Close Doesn’t Count
I have a Fitbit.
I have it because I also have an incredibly sedentary desk job, and I am more than capable of going multiple hours without so much as wiggling my big toe. This is, for many reasons, widely considered by the medical field to be what most professionals call, and I quote, “not that great.”
So like I said, I have a Fitbit.
My Fitbit has a handy (and frustrating) little feature called “Reminders to Move.” If an hour has almost gone by and I haven’t taken at least 250 steps, it vibrates and politely encourages me to get off my lazy butt with some cutesy message. “Feed me 154 steps!” or “Wanna stroll?” That sort of thing.
(I know what it’s really thinking. It’s really thinking, “Hey buddy, are you in a coma? Did you forget how to move? Do I need to call an ambulance?” It is, thankfully, wise enough not to ask those questions.)
Anyway, the buzzing means I have ten minutes to finish up my 250 steps for that hour. If I do (a brisk two-minute power walk is usually enough to do it), I get another buzz and a congratulatory message. “You rocked it!” it will say disingenuously, or “Easy Peasy!” Then it shows me a little graphic so I can see how many times I met that goal during that day—a little box appears for each hour I’ve completed.
If I don’t complete the hour’s steps, then, well, nothing happens. Literally nothing. No more buzzes, no more messages, and no box for the hour—just a sad little dot to mark its place.
That is, without any sort of exaggeration or hyperbole, the absolute worst.
I’m a completionist. I want to check every box and finish every objective. Looking down at my wrist and discovering I missed an hour’s step goal is intensely frustrating because a) 250 steps is really not a difficult goal and b) I’m going to have a reminder of my failure for the rest of the day. Every time I see that graphic, I’m going to see a sad little dot where a box could have been—should have been. But I can’t change it. I can’t undo it. I can’t take 500 steps the next hour and hope they average out. Once that hour is over, it’s over, and my failure to move is archived forever.
Hello, I’m Jeremy, and I have the dumbest first world problems ever.
But I noticed something interesting about this little phenomenon, and I think it has an important spiritual tie-in. See, my Fitbit gives me plenty of advance notice that I need to get moving. Ten minutes to do 250 steps? I could do a thousand steps in that time, no problem.
And that’s usually what got me. My Fitbit would buzz and I would think, “Oh, ten minutes? I’ve got plenty of time. I’ll get to that in a minute.”
And then two minutes would go by. Then three more. Five minutes left? Still more than enough. “I’ll just finish up what I’m doing here. No worries.”
Have you ever tried to walk 250 steps in 30 seconds? I have. I don’t think it’s possible.
You probably see where I’m going with this. But honestly, I stay pretty proactive with my steps now. I’ve learned to take the ten-minute warning a little more seriously. When it goes off, I usually get moving. Except…
Except sometimes I don’t have to walk 250 steps in those last ten minutes. Sometimes I’ve already moved a little in that hour, so when the warning buzzes, I only have something like 30 steps left to take. Easy Peasy, as the ol’ Fitbit would say. Good as done.
And that’s exactly why it never gets done. Because I’m so close. Because how could I possibly not take 30 steps in ten minutes?
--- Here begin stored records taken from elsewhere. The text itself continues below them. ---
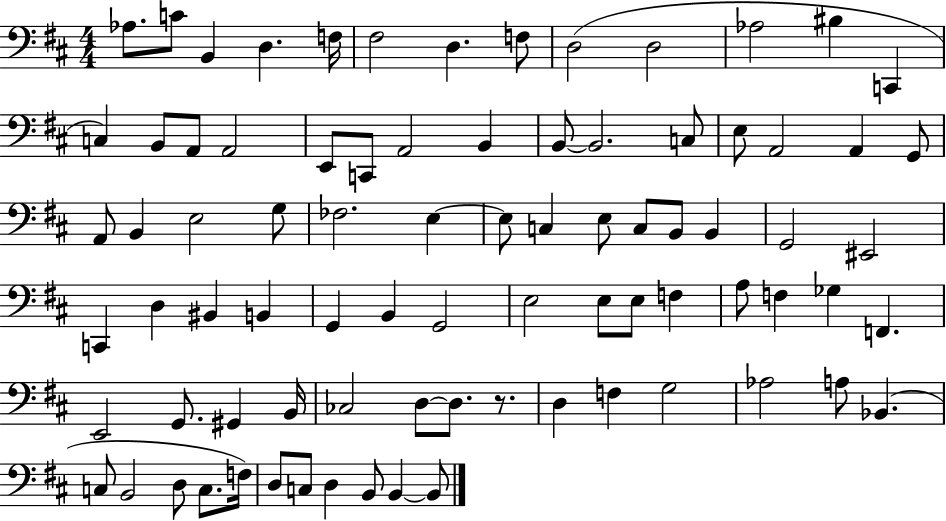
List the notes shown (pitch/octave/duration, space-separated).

Ab3/e. C4/e B2/q D3/q. F3/s F#3/h D3/q. F3/e D3/h D3/h Ab3/h BIS3/q C2/q C3/q B2/e A2/e A2/h E2/e C2/e A2/h B2/q B2/e B2/h. C3/e E3/e A2/h A2/q G2/e A2/e B2/q E3/h G3/e FES3/h. E3/q E3/e C3/q E3/e C3/e B2/e B2/q G2/h EIS2/h C2/q D3/q BIS2/q B2/q G2/q B2/q G2/h E3/h E3/e E3/e F3/q A3/e F3/q Gb3/q F2/q. E2/h G2/e. G#2/q B2/s CES3/h D3/e D3/e. R/e. D3/q F3/q G3/h Ab3/h A3/e Bb2/q. C3/e B2/h D3/e C3/e. F3/s D3/e C3/e D3/q B2/e B2/q B2/e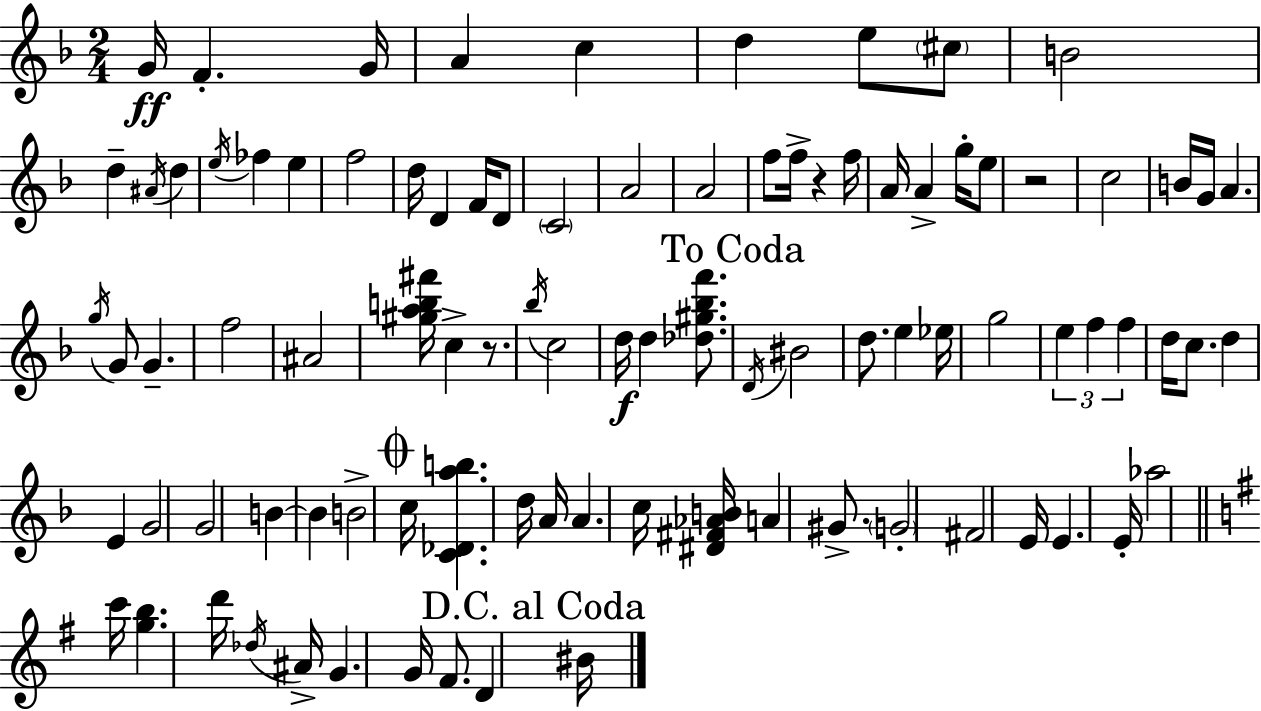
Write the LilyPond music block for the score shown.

{
  \clef treble
  \numericTimeSignature
  \time 2/4
  \key d \minor
  g'16\ff f'4.-. g'16 | a'4 c''4 | d''4 e''8 \parenthesize cis''8 | b'2 | \break d''4-- \acciaccatura { ais'16 } d''4 | \acciaccatura { e''16 } fes''4 e''4 | f''2 | d''16 d'4 f'16 | \break d'8 \parenthesize c'2 | a'2 | a'2 | f''8 f''16-> r4 | \break f''16 a'16 a'4-> g''16-. | e''8 r2 | c''2 | b'16 g'16 a'4. | \break \acciaccatura { g''16 } g'8 g'4.-- | f''2 | ais'2 | <gis'' a'' b'' fis'''>16 c''4-> | \break r8. \acciaccatura { bes''16 } c''2 | d''16\f d''4 | <des'' gis'' bes'' f'''>8. \mark "To Coda" \acciaccatura { d'16 } bis'2 | d''8. | \break e''4 ees''16 g''2 | \tuplet 3/2 { e''4 | f''4 f''4 } | d''16 c''8. d''4 | \break e'4 g'2 | g'2 | b'4~~ | b'4 b'2-> | \break \mark \markup { \musicglyph "scripts.coda" } c''16 <c' des' a'' b''>4. | d''16 a'16 a'4. | c''16 <dis' fis' aes' b'>16 a'4 | gis'8.-> \parenthesize g'2-. | \break fis'2 | e'16 e'4. | e'16-. aes''2 | \bar "||" \break \key e \minor c'''16 <g'' b''>4. d'''16 | \acciaccatura { des''16 } ais'16-> g'4. | g'16 fis'8. d'4 | \mark "D.C. al Coda" bis'16 \bar "|."
}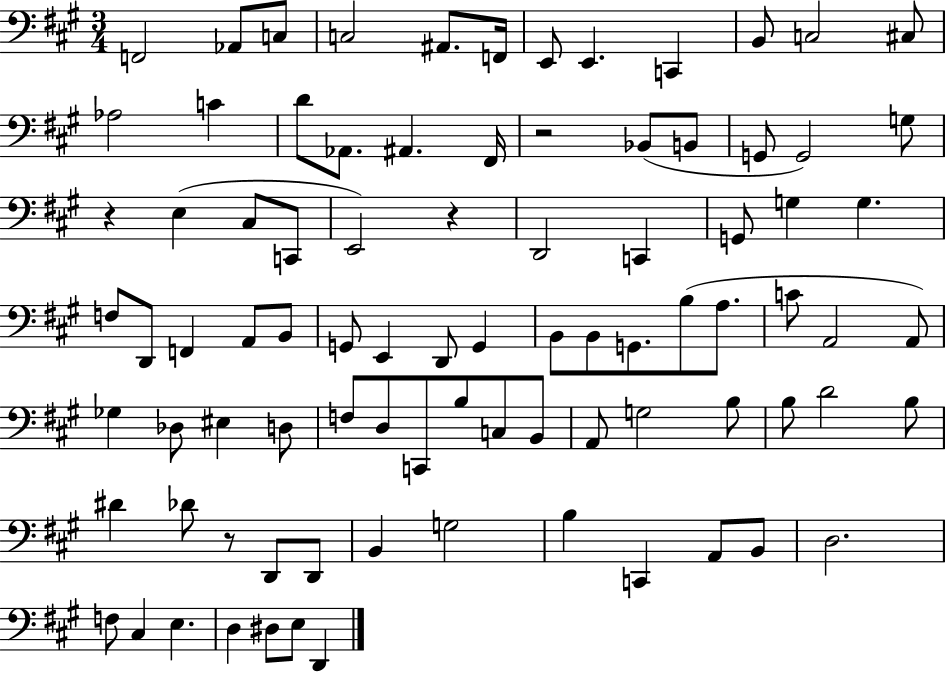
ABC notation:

X:1
T:Untitled
M:3/4
L:1/4
K:A
F,,2 _A,,/2 C,/2 C,2 ^A,,/2 F,,/4 E,,/2 E,, C,, B,,/2 C,2 ^C,/2 _A,2 C D/2 _A,,/2 ^A,, ^F,,/4 z2 _B,,/2 B,,/2 G,,/2 G,,2 G,/2 z E, ^C,/2 C,,/2 E,,2 z D,,2 C,, G,,/2 G, G, F,/2 D,,/2 F,, A,,/2 B,,/2 G,,/2 E,, D,,/2 G,, B,,/2 B,,/2 G,,/2 B,/2 A,/2 C/2 A,,2 A,,/2 _G, _D,/2 ^E, D,/2 F,/2 D,/2 C,,/2 B,/2 C,/2 B,,/2 A,,/2 G,2 B,/2 B,/2 D2 B,/2 ^D _D/2 z/2 D,,/2 D,,/2 B,, G,2 B, C,, A,,/2 B,,/2 D,2 F,/2 ^C, E, D, ^D,/2 E,/2 D,,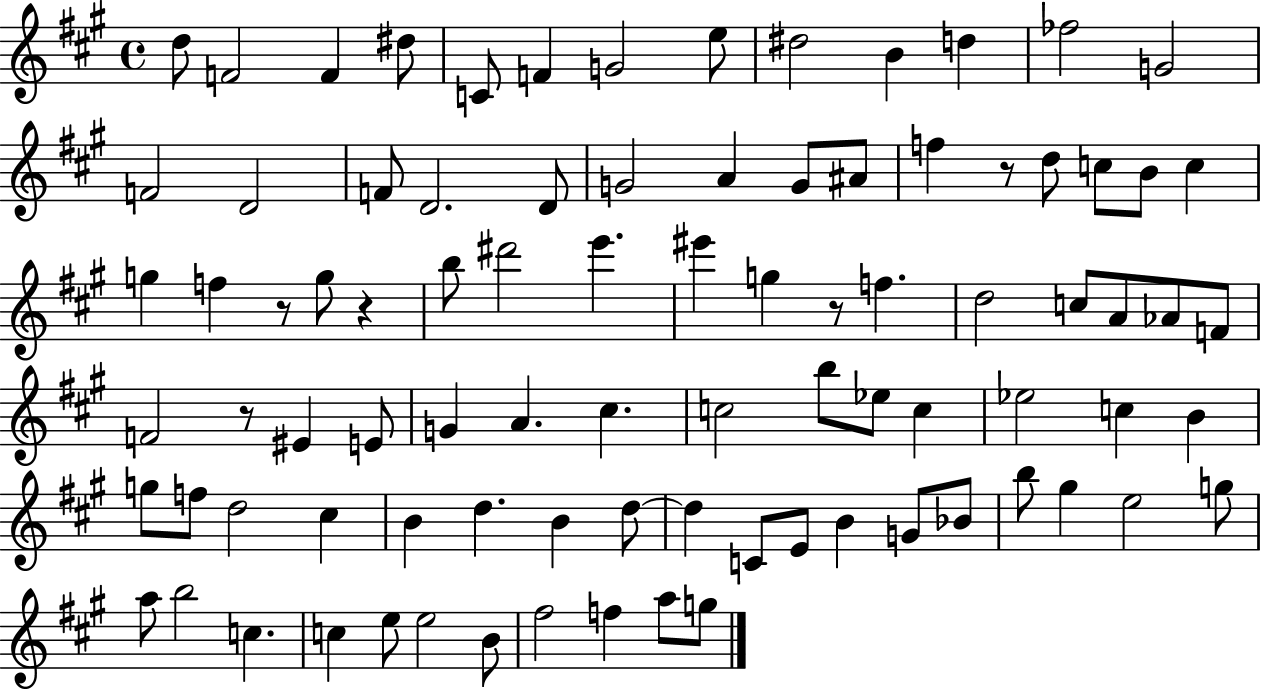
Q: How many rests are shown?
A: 5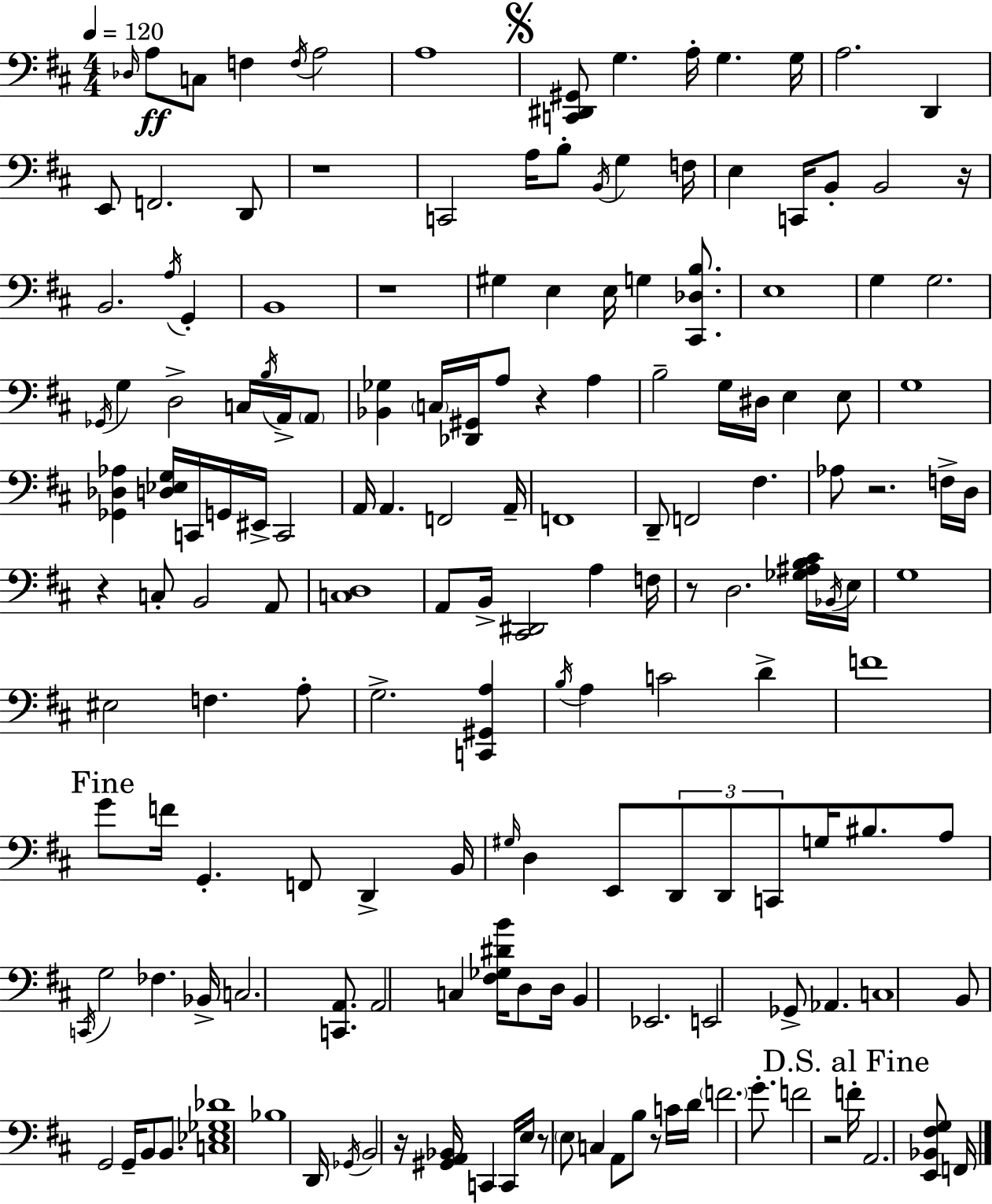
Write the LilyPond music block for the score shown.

{
  \clef bass
  \numericTimeSignature
  \time 4/4
  \key d \major
  \tempo 4 = 120
  \grace { des16 }\ff a8 c8 f4 \acciaccatura { f16 } a2 | a1 | \mark \markup { \musicglyph "scripts.segno" } <c, dis, gis,>8 g4. a16-. g4. | g16 a2. d,4 | \break e,8 f,2. | d,8 r1 | c,2 a16 b8-. \acciaccatura { b,16 } g4 | f16 e4 c,16 b,8-. b,2 | \break r16 b,2. \acciaccatura { a16 } | g,4-. b,1 | r1 | gis4 e4 e16 g4 | \break <cis, des b>8. e1 | g4 g2. | \acciaccatura { ges,16 } g4 d2-> | c16 \acciaccatura { b16 } a,16-> \parenthesize a,8 <bes, ges>4 \parenthesize c16 <des, gis,>16 a8 r4 | \break a4 b2-- g16 dis16 | e4 e8 g1 | <ges, des aes>4 <d ees g>16 c,16 g,16 eis,16-> c,2 | a,16 a,4. f,2 | \break a,16-- f,1 | d,8-- f,2 | fis4. aes8 r2. | f16-> d16 r4 c8-. b,2 | \break a,8 <c d>1 | a,8 b,16-> <cis, dis,>2 | a4 f16 r8 d2. | <ges ais b cis'>16 \acciaccatura { bes,16 } e16 g1 | \break eis2 f4. | a8-. g2.-> | <c, gis, a>4 \acciaccatura { b16 } a4 c'2 | d'4-> f'1 | \break \mark "Fine" g'8 f'16 g,4.-. | f,8 d,4-> b,16 \grace { gis16 } d4 e,8 \tuplet 3/2 { d,8 | d,8 c,8 } g16 bis8. a8 \acciaccatura { c,16 } g2 | fes4. bes,16-> c2. | \break <c, a,>8. a,2 | c4 <fis ges dis' b'>16 d8 d16 b,4 ees,2. | e,2 | ges,8-> aes,4. c1 | \break b,8 g,2 | g,16-- b,8 b,8. <c ees ges des'>1 | bes1 | d,16 \acciaccatura { ges,16 } b,2 | \break r16 <gis, a, bes,>16 c,4 c,16 e16 r8 \parenthesize e8 | c4 a,8 b8 r8 c'16 d'16 \parenthesize f'2. | g'8.-. f'2 | r2 \mark "D.S. al Fine" f'16-. a,2. | \break <e, bes, fis g>8 f,16 \bar "|."
}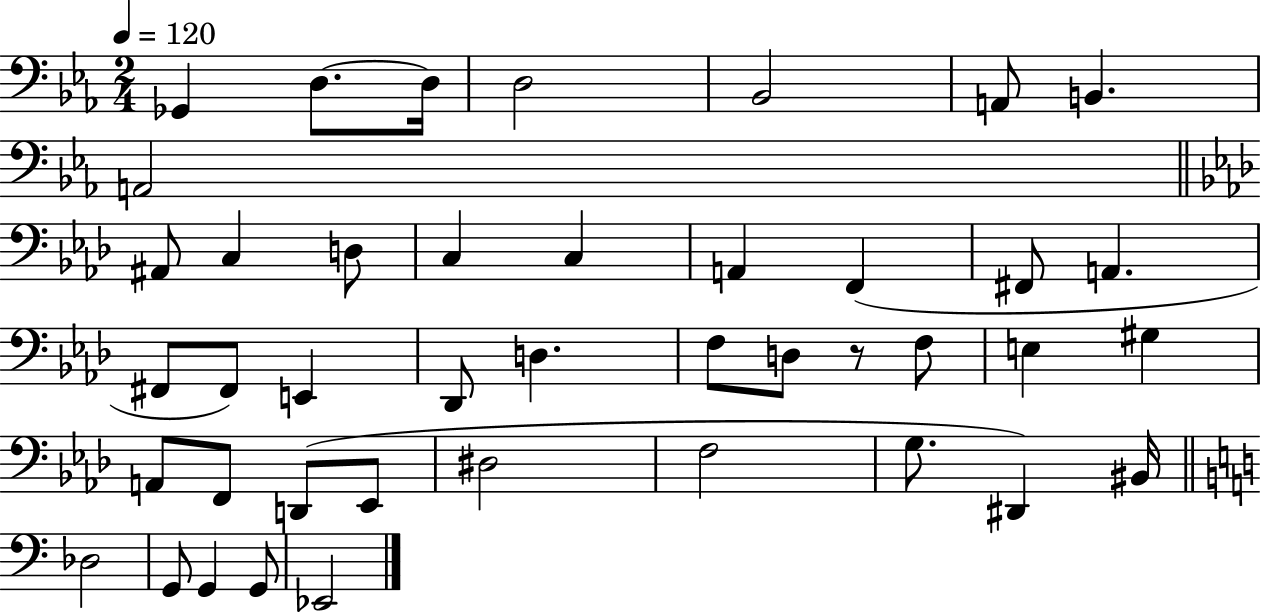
{
  \clef bass
  \numericTimeSignature
  \time 2/4
  \key ees \major
  \tempo 4 = 120
  ges,4 d8.~~ d16 | d2 | bes,2 | a,8 b,4. | \break a,2 | \bar "||" \break \key aes \major ais,8 c4 d8 | c4 c4 | a,4 f,4( | fis,8 a,4. | \break fis,8 fis,8) e,4 | des,8 d4. | f8 d8 r8 f8 | e4 gis4 | \break a,8 f,8 d,8( ees,8 | dis2 | f2 | g8. dis,4) bis,16 | \break \bar "||" \break \key c \major des2 | g,8 g,4 g,8 | ees,2 | \bar "|."
}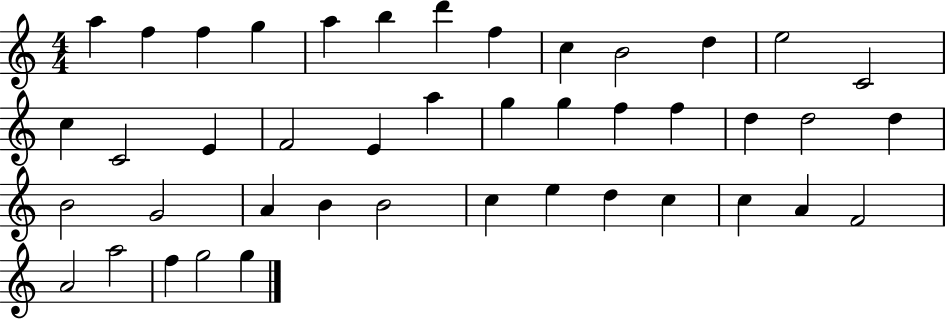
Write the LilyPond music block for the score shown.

{
  \clef treble
  \numericTimeSignature
  \time 4/4
  \key c \major
  a''4 f''4 f''4 g''4 | a''4 b''4 d'''4 f''4 | c''4 b'2 d''4 | e''2 c'2 | \break c''4 c'2 e'4 | f'2 e'4 a''4 | g''4 g''4 f''4 f''4 | d''4 d''2 d''4 | \break b'2 g'2 | a'4 b'4 b'2 | c''4 e''4 d''4 c''4 | c''4 a'4 f'2 | \break a'2 a''2 | f''4 g''2 g''4 | \bar "|."
}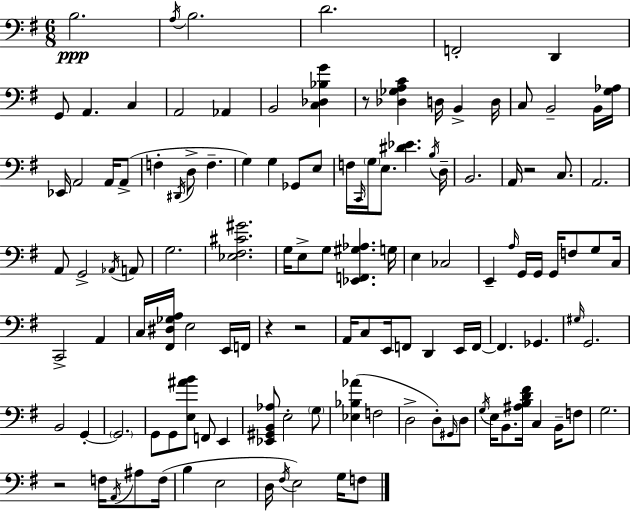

By thinking I have it in the bag—that’s how. By assuming my earlier momentum was somehow going to carry me to the finish line without any further effort from me. By feeling like “close enough” counts for anything when the only two real outcomes are “succeed” or “fail.”
How close are you to the finish line?
That’s the tie-in.
Spiritually, we’re all running toward the finish line that God set in front of us. We’ve been pushing toward it like it’s the only thing that matters, because it is the only thing that matters.
Except sometimes, we make the mistake that I make with my Fitbit. We see how far we’ve come, we see the progress we’ve made, we see how close we are to where we need to be, and then we tell ourselves, “Oh, I’ve got time. I’ll finish that, no problem. Easy peasy.”
The hare would have beaten the tortoise if he had just kept running.
The five foolish virgins would have been at the wedding if they had kept oil in their lamps.
The wicked and lazy servant would have entered into the joy of his lord if he had made an effort with his talent.
Easy to think we have plenty of time. Easy to think we can take our foot off the gas and coast to the finish line.
Thirty more steps are only easy if we’re intentional about taking them. Close doesn’t win us the race. Close doesn’t get us where we’re going.
Close doesn’t count.
If we’re serious about finishing this race, it’s time to get to stepping.